Euronews - Ce qui est arrivé à votre pays vous empêche-t-il de dormir? La pensée de tant de victimes militaires et civiles vous empêche de dormir, n'est-ce pas ?

Premier ministre Nikol Pashinyan - Évidemment, et naturellement, je n'y pense pas trop, mais il est très difficile de mettre ces pensées de côté pour un moment et de continuer à travailler au quotidien.

Euronews - Monsieur le Premier ministre, une dernière question. Avez-vous un message à adresser à l'autre partie, pas aux dirigeants politiques que vous rencontrez dans le cadre des pourparlers, mais au peuple azerbaïdjanais ? Avez-vous un message pour ceux qui nous regardent peut-être en ce moment ?

Premier ministre Nikol Pashinyan- Vous savez, je pense que ce n'est pas un très bon genre, car lorsque deux hommes politiques se parlent, ce sont en fait deux peuples qui parlent, car d'un côté, c'est celui qui a été élu par ce peuple qui parle, et de l'autre, c'est celui qui a été élu par son peuple qui s'exprime.
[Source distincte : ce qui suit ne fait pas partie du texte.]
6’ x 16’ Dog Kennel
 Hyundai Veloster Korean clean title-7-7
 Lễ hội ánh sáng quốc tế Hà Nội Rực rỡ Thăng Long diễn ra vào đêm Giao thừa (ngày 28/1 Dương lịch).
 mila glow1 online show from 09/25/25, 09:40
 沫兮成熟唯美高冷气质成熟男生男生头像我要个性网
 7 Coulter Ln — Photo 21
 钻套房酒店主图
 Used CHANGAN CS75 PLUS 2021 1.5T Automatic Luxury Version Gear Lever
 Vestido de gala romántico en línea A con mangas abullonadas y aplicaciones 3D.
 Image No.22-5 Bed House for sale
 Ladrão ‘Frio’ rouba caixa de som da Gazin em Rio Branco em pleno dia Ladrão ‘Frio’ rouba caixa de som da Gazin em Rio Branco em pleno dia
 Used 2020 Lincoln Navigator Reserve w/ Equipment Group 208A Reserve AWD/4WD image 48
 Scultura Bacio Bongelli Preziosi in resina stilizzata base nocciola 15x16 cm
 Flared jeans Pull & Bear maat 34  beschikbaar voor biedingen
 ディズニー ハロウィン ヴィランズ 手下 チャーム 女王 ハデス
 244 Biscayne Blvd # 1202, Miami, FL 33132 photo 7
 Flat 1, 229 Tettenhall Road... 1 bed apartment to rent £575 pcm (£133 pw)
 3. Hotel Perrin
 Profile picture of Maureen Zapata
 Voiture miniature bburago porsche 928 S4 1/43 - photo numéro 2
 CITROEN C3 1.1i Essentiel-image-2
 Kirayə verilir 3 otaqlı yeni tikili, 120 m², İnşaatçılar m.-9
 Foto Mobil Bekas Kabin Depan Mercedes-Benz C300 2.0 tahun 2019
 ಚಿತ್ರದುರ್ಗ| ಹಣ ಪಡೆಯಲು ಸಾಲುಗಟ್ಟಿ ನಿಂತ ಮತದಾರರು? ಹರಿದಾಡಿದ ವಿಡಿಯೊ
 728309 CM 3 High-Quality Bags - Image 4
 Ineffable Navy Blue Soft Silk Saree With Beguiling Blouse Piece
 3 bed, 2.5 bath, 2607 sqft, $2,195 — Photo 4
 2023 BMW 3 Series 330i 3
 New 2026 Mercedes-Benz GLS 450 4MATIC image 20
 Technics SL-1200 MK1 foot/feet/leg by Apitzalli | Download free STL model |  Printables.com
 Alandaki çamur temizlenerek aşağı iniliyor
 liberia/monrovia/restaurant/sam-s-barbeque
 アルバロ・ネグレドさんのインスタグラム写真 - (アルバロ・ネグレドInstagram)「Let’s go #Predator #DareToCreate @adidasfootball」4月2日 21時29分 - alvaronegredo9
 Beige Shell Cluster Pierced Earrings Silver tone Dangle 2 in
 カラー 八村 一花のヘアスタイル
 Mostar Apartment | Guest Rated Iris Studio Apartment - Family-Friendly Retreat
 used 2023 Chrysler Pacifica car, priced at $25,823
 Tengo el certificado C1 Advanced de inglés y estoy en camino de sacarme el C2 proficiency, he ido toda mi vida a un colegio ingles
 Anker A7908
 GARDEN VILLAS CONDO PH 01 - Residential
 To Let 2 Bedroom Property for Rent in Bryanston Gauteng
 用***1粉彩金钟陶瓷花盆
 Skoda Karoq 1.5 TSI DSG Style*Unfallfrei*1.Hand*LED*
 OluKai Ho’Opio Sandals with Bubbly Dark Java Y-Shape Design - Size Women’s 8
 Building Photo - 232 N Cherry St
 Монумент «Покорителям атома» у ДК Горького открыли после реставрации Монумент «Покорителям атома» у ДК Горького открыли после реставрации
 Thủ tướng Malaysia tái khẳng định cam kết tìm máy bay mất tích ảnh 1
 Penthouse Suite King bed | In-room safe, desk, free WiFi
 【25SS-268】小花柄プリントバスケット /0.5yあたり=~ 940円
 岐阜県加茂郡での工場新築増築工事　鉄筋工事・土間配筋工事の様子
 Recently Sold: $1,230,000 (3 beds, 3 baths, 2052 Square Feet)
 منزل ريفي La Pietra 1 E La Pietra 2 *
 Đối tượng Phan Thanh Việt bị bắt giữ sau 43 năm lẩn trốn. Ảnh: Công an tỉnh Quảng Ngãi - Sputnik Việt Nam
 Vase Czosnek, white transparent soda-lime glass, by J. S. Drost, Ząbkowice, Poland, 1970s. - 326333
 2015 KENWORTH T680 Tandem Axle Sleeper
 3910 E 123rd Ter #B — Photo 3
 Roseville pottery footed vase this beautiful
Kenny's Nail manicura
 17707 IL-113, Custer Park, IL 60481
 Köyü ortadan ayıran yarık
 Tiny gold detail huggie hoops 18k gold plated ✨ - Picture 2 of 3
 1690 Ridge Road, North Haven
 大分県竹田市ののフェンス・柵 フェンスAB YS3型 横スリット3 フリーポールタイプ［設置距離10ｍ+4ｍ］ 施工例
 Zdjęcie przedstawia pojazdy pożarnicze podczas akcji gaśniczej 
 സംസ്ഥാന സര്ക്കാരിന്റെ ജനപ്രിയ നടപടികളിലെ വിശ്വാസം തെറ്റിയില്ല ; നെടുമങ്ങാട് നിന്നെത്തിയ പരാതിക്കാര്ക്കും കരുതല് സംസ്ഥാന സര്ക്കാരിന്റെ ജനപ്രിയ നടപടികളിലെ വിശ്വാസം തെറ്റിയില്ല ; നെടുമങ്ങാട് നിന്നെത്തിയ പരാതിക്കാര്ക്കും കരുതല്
Ce dont nous parlons est donc bien sûr une plateforme internationale, qui s'adresse également à ce peuple, mais s'il y a quelque chose à dire, nous pouvons dire que ce que j'ai dit dès la première seconde s'adressait également au peuple azerbaïdjanais. Dans de tels cas, il y a des phrases de garde : nous vivons ici depuis longtemps et nous avons encore beaucoup de temps à vivre, je pense que tous les mots ont été dits. D'ailleurs, il y a peut-être quelque chose qui s'adresse aussi bien au public arménien qu'azerbaïdjanais, car le public arménien et azerbaïdjanais devrait exiger la paix de la part de ses autorités. Cela devrait être formulé comme une demande publique et la paix, la flexibilité et la capacité de répondre à cette demande.

Euronews - Merci pour votre temps. J'espère qu'il sera possible de parvenir à la paix.

Premier ministre Nikol Pashinyan - Je vous remercie.